COMMENTARY | I'm startled to think that our economy is so fragile that the end of payroll tax cuts could send us into another economic recession. But that's just what some economists believe.
I thought about how the end of the 2 percent payroll tax cuts will affect my family finances. According to experts, it's extremely unlikely White House will push for an extension of the payroll tax cuts, which were intended a temporary measure. It seems no one is really championing an extension of the tax cut, even though it especially helps the Generation-X middle class.
According to a recent article by the New York Times, Americans will most likely see a jump in their tax bill. The higher the income a family has, the higher the jump in taxes.
Saving more for taxes
I've already started putting more money aside for taxes. I am not expecting a tax refund. I pay quarterly taxes, but it's hard to estimate our annual tax bill since our income fluctuates. Experts say the typical American had $1,000 in additional income due to the lower taxes. Since both my husband and I have full-time jobs, I expect we will pay about $1,500 to $1,800 more in taxes thanks to the end of the payroll tax cuts. I based my estimations on a chart by CNN Money that looked at how much more a person will pay based on salary.

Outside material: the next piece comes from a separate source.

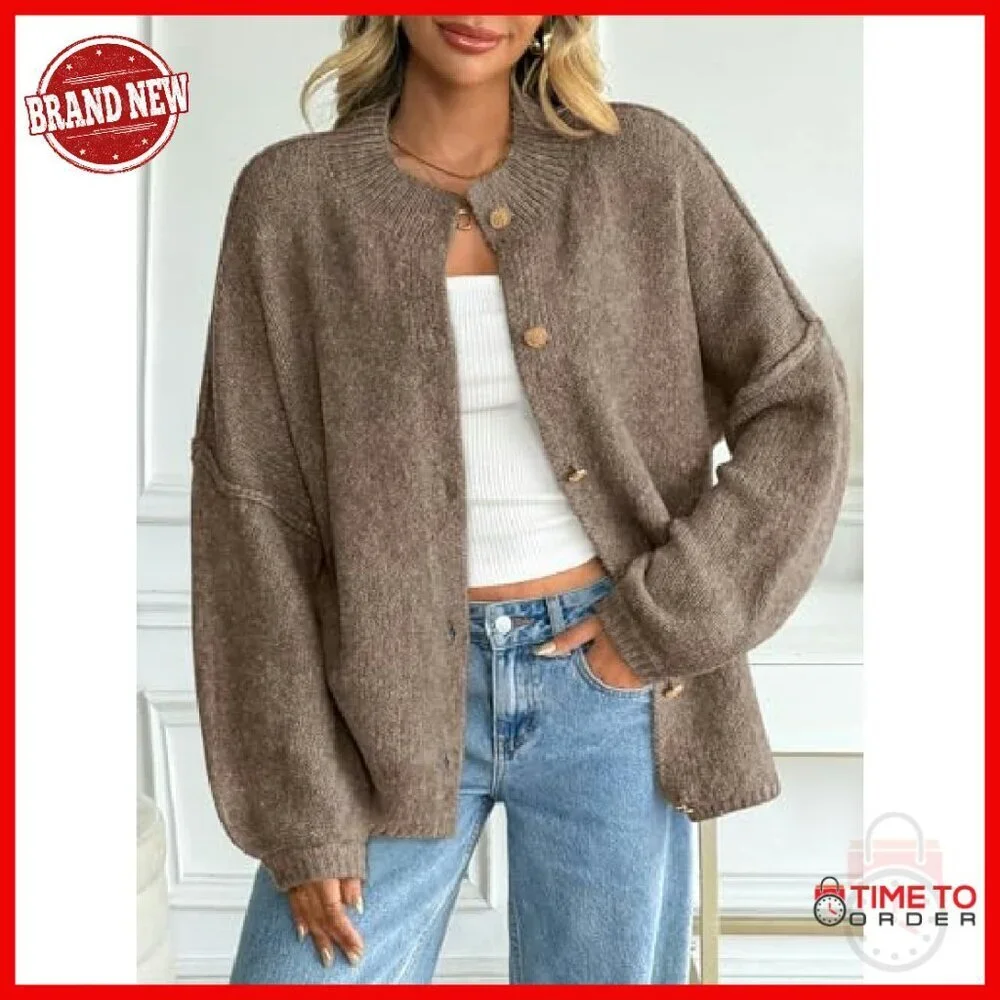 Oversized Chunky Knit Cardigan Lantern Sleeves Button Down Cozy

The purpose of the tax cut was to stimulate spending. Without a doubt, I'm spending more money, but it's not because I have an extra grand in my pocket. It's because the prices of food and other products are rising. In fact, a recent report from the Commerce Department reported in the Wall Street Journal showed personal expenditures rose a half a percent in August compared to the month before. I blame it on high gasoline prices. The national average retail price of gas, according to Wall Street Journal, went up 47 cent a gallon since July.
Letting Social Security suffer
Experts say the payroll tax cuts will undermine Social Security. In 2010, Social Security took in less money than it paid out for the first time in its 75-year history, according to an article by NPR. The payroll tax holiday reduced Social Security revenues by $105 billion. Perhaps legislators should brainstorm new ways to fund Social Security instead of relying on payroll deductions. A lot of people accuse politicians of "raiding Social Security" and worry about a shortfall.
Baby boomers will probably be affected most by the payroll tax cut as their Social Security check gets smaller and smaller. Meanwhile, most baby boomers I know can't make it now on their current Social Security checks. And, they are struggling to get rehired after leaving the workforce.
Many people in Generation X don't count on Social Security benefits. I'd rather have a payroll tax deduction now and manage my own money. For me, that means taking the extra $1,000 to $1,500 every year and funding our Roth IRA accounts. I think I'm a better steward of my own money compared to the government.